2025-12-17, 09:00 PM
(2025-12-16, 01:05 PM)luckless Wrote:(2025-12-15, 08:40 PM)rlue Wrote:(2025-12-15, 01:07 PM)JF2025 Wrote: @Derfel The mixed libraries option is legacy and probably should come with a warning not to use.
There is a post from 4 years ago on Reddit r/jellyfin from a Jellyfin Team member saying: "Mixed libraries are basically never the right answer. It's really hard for the scanner to correctly identify a media type based on a folder name, and support for them in clients is frustrating at best. That library option is mostly there for legacy reasons."
They go on to say: "it was there when we forked, nobody has removed it yet, and if we remove it now a small subset of people will revolt."
I appreciate the clarification, but I would ask how users are supposed to handle niche / independent content which maybe you don't expect there to exist public metadata for at all, and which doesn't fit neatly into the existing categories? For instance, I have a collection of instructional VHS/DVD/YouTube content (and another collection of academic lectures) ripped to my library, where some of it is serial and some is one-off. I would really like to avoid creating two separate "How-To (Movies)" / "How-To (Series)" libraries.

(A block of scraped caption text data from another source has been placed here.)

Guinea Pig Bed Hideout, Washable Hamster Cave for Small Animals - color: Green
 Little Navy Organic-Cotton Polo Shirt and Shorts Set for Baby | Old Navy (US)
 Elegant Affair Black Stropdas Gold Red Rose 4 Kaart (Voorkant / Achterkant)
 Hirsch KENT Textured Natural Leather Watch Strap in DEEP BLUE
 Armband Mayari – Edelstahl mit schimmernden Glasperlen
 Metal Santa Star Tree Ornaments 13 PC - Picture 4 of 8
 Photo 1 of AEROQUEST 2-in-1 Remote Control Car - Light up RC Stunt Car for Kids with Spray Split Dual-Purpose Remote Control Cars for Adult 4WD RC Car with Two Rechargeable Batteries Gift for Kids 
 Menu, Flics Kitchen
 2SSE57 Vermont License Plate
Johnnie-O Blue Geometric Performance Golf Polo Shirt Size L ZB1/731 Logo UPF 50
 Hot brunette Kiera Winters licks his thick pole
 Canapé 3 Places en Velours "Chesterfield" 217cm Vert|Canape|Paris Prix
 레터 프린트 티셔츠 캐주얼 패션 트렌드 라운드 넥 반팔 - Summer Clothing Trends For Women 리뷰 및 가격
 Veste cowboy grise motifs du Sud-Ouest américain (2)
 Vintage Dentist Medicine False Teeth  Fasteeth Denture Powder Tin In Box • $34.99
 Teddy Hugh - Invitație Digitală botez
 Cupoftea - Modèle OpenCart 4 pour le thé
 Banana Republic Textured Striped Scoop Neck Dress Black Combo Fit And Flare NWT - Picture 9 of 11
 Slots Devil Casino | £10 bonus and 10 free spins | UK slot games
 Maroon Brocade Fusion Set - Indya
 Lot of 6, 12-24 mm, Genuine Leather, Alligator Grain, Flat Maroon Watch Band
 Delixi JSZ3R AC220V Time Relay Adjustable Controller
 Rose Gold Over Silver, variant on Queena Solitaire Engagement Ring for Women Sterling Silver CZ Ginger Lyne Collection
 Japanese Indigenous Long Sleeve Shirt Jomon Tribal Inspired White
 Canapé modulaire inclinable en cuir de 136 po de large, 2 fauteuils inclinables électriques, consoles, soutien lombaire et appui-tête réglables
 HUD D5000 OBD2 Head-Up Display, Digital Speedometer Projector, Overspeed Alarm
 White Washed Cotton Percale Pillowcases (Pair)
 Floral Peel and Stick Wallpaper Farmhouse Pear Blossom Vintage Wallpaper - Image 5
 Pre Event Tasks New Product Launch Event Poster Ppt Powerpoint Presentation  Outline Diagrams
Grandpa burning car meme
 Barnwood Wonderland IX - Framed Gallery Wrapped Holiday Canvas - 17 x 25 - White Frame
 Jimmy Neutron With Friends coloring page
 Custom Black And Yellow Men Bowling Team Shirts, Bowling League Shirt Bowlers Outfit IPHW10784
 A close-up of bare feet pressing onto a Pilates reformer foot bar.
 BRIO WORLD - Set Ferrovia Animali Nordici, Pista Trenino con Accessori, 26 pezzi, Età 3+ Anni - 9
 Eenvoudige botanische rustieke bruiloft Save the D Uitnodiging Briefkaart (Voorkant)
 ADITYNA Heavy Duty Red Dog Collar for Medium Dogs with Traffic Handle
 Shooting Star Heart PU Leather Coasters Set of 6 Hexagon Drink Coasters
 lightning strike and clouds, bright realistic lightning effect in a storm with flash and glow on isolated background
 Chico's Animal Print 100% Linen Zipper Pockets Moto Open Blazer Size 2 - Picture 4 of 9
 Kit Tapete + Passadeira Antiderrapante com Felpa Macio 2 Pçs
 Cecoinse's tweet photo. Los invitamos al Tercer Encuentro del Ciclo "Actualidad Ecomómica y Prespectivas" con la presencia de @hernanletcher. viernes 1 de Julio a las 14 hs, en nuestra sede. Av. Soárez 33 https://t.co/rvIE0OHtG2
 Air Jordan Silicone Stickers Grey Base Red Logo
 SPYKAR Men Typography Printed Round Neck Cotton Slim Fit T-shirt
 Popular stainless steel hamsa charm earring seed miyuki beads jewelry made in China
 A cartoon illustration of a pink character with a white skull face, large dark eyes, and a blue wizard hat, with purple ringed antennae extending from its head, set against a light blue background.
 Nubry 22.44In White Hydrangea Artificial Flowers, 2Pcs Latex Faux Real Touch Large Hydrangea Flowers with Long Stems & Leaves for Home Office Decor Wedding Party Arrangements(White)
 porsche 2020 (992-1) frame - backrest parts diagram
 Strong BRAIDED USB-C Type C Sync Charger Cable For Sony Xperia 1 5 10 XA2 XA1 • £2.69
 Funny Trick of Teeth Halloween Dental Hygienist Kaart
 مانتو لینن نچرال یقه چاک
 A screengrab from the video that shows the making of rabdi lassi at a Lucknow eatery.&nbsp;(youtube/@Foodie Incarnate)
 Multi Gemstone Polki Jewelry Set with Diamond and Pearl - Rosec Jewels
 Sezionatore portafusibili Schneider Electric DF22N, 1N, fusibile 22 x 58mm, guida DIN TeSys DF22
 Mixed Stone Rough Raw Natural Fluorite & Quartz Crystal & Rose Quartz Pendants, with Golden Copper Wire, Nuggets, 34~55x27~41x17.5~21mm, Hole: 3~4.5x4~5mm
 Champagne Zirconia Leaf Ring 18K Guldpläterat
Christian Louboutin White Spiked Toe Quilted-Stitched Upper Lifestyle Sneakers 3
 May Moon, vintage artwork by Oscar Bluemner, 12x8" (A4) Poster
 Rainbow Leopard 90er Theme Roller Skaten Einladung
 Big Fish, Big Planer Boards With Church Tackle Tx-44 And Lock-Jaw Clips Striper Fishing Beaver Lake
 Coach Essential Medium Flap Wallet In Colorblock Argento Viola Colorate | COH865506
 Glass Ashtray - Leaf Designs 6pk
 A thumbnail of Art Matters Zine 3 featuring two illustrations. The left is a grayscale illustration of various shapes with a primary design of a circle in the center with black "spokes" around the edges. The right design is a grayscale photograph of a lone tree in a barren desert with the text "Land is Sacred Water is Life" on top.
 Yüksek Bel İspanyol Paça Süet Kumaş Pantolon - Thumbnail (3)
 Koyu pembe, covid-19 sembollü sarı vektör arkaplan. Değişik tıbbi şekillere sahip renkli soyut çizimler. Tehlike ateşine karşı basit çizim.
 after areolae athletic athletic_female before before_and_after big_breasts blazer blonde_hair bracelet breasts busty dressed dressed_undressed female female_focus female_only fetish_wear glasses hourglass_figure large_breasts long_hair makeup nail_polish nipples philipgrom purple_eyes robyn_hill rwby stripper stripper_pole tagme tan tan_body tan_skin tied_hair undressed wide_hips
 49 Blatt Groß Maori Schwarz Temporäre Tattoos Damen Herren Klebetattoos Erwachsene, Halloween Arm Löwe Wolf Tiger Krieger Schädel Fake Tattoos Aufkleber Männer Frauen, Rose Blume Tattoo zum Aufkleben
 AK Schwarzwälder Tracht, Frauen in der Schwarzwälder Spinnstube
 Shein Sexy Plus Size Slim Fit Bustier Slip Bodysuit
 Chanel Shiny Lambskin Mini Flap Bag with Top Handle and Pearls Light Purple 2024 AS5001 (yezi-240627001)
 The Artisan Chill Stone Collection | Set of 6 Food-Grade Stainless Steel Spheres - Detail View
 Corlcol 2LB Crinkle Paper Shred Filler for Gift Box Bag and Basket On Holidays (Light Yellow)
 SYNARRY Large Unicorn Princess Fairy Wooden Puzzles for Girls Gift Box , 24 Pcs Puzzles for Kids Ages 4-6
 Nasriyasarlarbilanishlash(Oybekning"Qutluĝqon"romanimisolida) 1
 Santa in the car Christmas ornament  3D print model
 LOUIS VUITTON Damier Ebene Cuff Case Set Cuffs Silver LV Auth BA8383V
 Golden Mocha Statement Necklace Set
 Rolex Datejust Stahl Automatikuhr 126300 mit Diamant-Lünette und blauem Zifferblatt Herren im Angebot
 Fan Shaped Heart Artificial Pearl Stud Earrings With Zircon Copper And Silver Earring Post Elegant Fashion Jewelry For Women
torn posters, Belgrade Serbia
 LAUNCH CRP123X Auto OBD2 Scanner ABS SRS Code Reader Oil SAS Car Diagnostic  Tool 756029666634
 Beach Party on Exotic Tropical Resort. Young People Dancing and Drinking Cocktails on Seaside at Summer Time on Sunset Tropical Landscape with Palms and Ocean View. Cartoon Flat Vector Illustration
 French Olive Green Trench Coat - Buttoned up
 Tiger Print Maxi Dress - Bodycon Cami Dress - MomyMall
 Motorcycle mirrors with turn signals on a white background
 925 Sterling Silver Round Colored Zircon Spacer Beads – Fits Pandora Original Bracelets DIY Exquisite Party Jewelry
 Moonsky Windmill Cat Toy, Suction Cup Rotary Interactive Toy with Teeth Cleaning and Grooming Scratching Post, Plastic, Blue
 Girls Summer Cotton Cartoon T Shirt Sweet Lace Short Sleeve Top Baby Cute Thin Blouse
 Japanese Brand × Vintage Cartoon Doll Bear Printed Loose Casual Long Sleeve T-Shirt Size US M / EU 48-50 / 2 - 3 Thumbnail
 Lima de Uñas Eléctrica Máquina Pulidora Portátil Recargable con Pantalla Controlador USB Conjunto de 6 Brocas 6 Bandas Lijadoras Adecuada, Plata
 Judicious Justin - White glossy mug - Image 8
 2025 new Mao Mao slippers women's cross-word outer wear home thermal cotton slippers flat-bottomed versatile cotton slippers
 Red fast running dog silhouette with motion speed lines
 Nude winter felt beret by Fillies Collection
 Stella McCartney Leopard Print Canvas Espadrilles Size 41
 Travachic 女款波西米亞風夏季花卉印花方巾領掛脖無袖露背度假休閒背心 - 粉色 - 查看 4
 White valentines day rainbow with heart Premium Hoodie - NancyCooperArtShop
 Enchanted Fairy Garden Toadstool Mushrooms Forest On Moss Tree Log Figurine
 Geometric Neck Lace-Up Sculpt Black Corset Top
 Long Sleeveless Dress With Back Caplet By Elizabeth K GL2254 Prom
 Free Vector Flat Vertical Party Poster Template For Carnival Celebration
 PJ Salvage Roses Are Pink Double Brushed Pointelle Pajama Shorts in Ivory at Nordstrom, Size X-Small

I don't necessarily need Jellyfin to fetch metadata and cover art for me; are there existing library types that support this use case? I really do think that, at a minimum, this use case should be acknowledged in the docs and forums, even if only to say "We don't officially support a way of doing this yet." Surely, I can't be the only one who has a whole collections of obscure media types that you wouldn't expect to find on tmdb or omdb?
(also congratulations to the devs on another release; always very grateful for the free software 🙇🏻)
There is "home videos and photos" library type which I use for a use case similar to yours.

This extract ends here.